# Applications of Artificial Intelligence
## Big Data – MapReduce
### Setup
This example will show you how you can use Apache Spark with PySpark on a local machine. This won't allow you to benefit from the massive parallelism that makes this technique so powerful, but we can still demonstrate how some code would be written, so you could then apply this knowledge to a real cluster deployment across many machines.

Unlike the other examples, running this code will require you to install some new software, and since this will be platform dependant, this might require a bit of experimentation. If you'd rather not install any new software, you can still read the notebook and see the results below each cell.

### Installation
First you will need to install Apache Spark and PySpark, which may require you to install Java and/or Scala as well if you do not already. Try following the instructions on one of the sites listed below. 
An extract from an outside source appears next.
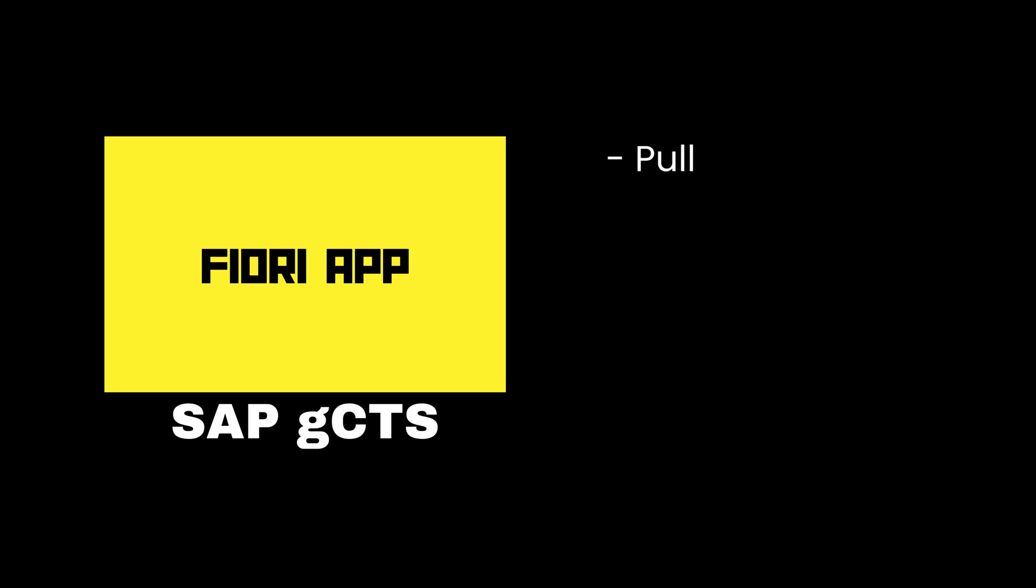SAP GCTS also provides a Fiori app that lets you manage your repositories, view the status of transport requests, and perform various operations such as pull, push, merge, and reset. You can also set permissions and collaborate with other developers using teams and collaborators.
*Note that we have not tested all of these resources, and are not responsible for the content of third-party websites. Please ensure you are comfortable with technical installations before making any modifications to your own machine. If you are unsure, ask for advice or simply read the notebook without installing anything.*

* Windows 10 – [https://phoenixnap.com/kb/install-spark-on-windows-10](https://phoenixnap.com/kb/install-spark-on-windows-10)
* macOS – [https://medium.com/swlh/pyspark-on-macos-installation-and-use-31f84ca61400](https://medium.com/swlh/pyspark-on-macos-installation-and-use-31f84ca61400)
* Linux – [https://computingforgeeks.com/how-to-install-apache-spark-on-ubuntu-debian/](https://computingforgeeks.com/how-to-install-apache-spark-on-ubuntu-debian/)

You do not necessarily need to set the environment variables or run Spark from the command line as the tutorials might get you to do – just get the software installed first of all. We are going to use another Python library called `findspark` to help us use Spark without any additional configuration (though if this does not work, return to the tutorials!).

To install `findspark`, use your normal Python package manager, e.g. `pip install findspark` or `conda install pyspark`.

Once that is done, the code below should run without error.

In [2]:
import findspark
findspark.init()

from pyspark import SparkContext

### PySpark Example
First, we must create a `SparkContext`. This is the entry point to any Spark functionality. When we run a Spark application a 'driver program' starts which has the main function, and your SparkContext gets initialised here. The driver program then sends operations to be run inside the executors on worker nodes. 

As we are leaving everything with its default settings, the local machine will also act as the worker node, but this is where you could configure Spark to run on a real cluster of multiple worker nodes.

In [3]:
sc = SparkContext()

Setting default log level to "WARN".
To adjust logging level use sc.setLogLevel(newLevel). For SparkR, use setLogLevel(newLevel).
24/03/18 19:03:17 WARN NativeCodeLoader: Unable to load native-hadoop library for your platform... using builtin-java classes where applicable


Once our SparkContext is running, we can load some data that exists on the distributed file system. Again for our example we'll use a local text file from our machine. But we could just as easily pass in the location of a massive dataset on the distributed file system, where the actual data is split into chunks across the cluster.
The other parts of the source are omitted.